The full output can be read and saved in an appropriate structure by using the function readMCoutput. The signature of this function is

readMCoutput(
    datadir::String,
    simname::String;
    istart,
    iend
) 

The argument datadir specifies the directory in which the output is saved and simname the name of the simulation. The optional parameters istart and iend specify which subset of the saved models to retrieve.
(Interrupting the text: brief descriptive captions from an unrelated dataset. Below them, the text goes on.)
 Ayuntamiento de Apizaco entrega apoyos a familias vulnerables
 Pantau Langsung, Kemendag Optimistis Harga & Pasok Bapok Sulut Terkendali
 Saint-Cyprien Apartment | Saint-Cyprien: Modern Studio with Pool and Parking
Interrupting and continuing simulations

This package allows you to interrupt the simulation at any time by simply killing the Julia process. That should not create problems to the output files even in case of a crash of the program. The output files can then be used to continue (or re-start) the simulation from the point where it was interrupted by using the function contrunMC. This function needs as the first argument a dictionary containing the generic simulation parameters (see above). Moreover, this function allows for a continuation using the same exact parameters used before or, by additionally passing a new instance of AbstractMCParams of the appropriate type (e.g., a HMCParams struct) to continue the previous simulation with new algorithm-specific parameters.

The output files are written using the Single Writer Multiple Reader (SWMR) capabilities of the HDF5 file format, so it is easy while the simulation is running to launch a different Julia instance and, from there, to plot or analyze the results so far. The SWMR will guarantee that only the initial process will the able to write to the file, while allowing others to read the data.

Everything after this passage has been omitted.